Costly silence: Editorial on New Delhi not rebuking Myanmar's junta regime

India's silence is a mistake — not just from a moral perspective but also from a strategic standpoint

The Editorial Board Published 28.07.22, 03:55 AM
The death penalty for the pro-democracy activists is also a stinging reminder to nations like India of the limitations of a strategy of accommodation towards the Myanmar military.

The death penalty for the pro-democracy activists is also a stinging reminder to nations like India of the limitations of a strategy of accommodation towards the Myanmar military. File Picture

The Myanmar military regime’s execution of four pro-democracy leaders has sparked outrage from the United Nations, multiple countries, as well as regional blocs like the Association of Southeast Asian Nations. India has stayed silent. That is a mistake — not just from a moral perspective but also from a strategic standpoint. The four activists, including a former lawmaker and hip-hop star, were accused by Myanmar’s junta of ‘terrorism’, but all the evidence suggests that their only crime was to fight for democracy. They were among the leaders of the mass protests that broke out across Myanmar after the military coup last year. Their trials were conducted behind closed doors by military courts. U Phyo Zeya Thaw, the former lawmaker who has been killed, was a member of Aung San Suu Kyi’s National League for Democracy. Ms Suu Kyi, who effectively led the country between 2016 and 2021 after her party won Myanmar’s first democratic elections in decades, is being held in solitary confinement. For the military, the executions serve as a message to all opponents that the junta is not bound by either law or precedent.

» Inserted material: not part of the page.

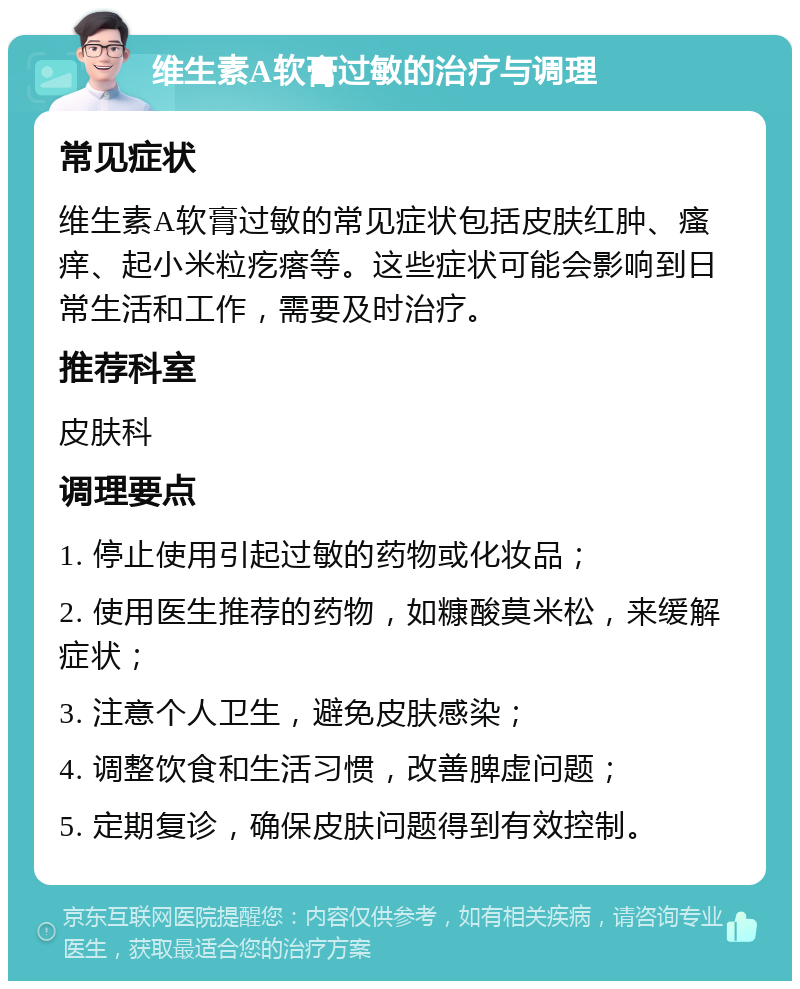 维生素A软膏过敏的治疗与调理 常见症状 维生素A软膏过敏的常见症状包括皮肤红肿、瘙痒、起小米粒疙瘩等。这些症状可能会影响到日常生活和工作，需要及时治疗。 推荐科室 皮肤科 调理要点 1. 停止使用引起过敏的药物或化妆品； 2. 使用医生推荐的药物，如糠酸莫米松，来缓解症状； 3. 注意个人卫生，避免皮肤感染； 4. 调整饮食和生活习惯，改善脾虚问题； 5. 定期复诊，确保皮肤问题得到有效控制。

The death penalty for the pro-democracy activists is also a stinging reminder to nations like India of the limitations of a strategy of accommodation towards the Myanmar military. New Delhi has tried to engage with the country’s uniformed rulers, even sending its foreign secretary for a visit to Myanmar last December. India’s security concerns in the Northeast require some cooperation with Myanmar. New Delhi is also understandably worried about Beijing using the West’s treatment of Myanmar as a pariah to strengthen its footprint there. But the absence of even a gentle rebuke from India is hard to justify when the world’s largest democracy has a next-door neighbour that considers democratic opposition to the government an act of terrorism. Morally, it makes New Delhi appear unprincipled at a time when even Cambodia’s authoritarian prime minister, Hun Sen, has spoken against the executions. Strategically, it conveys the idea that India is so weak-kneed about defending its interests in the region that it is willing to mimic China’s response to events in Myanmar. But New Delhi can never out-manoeuvre Beijing by copying it. To challenge China in their shared neighbourhood, India must stand up for what makes it different; for what makes it India.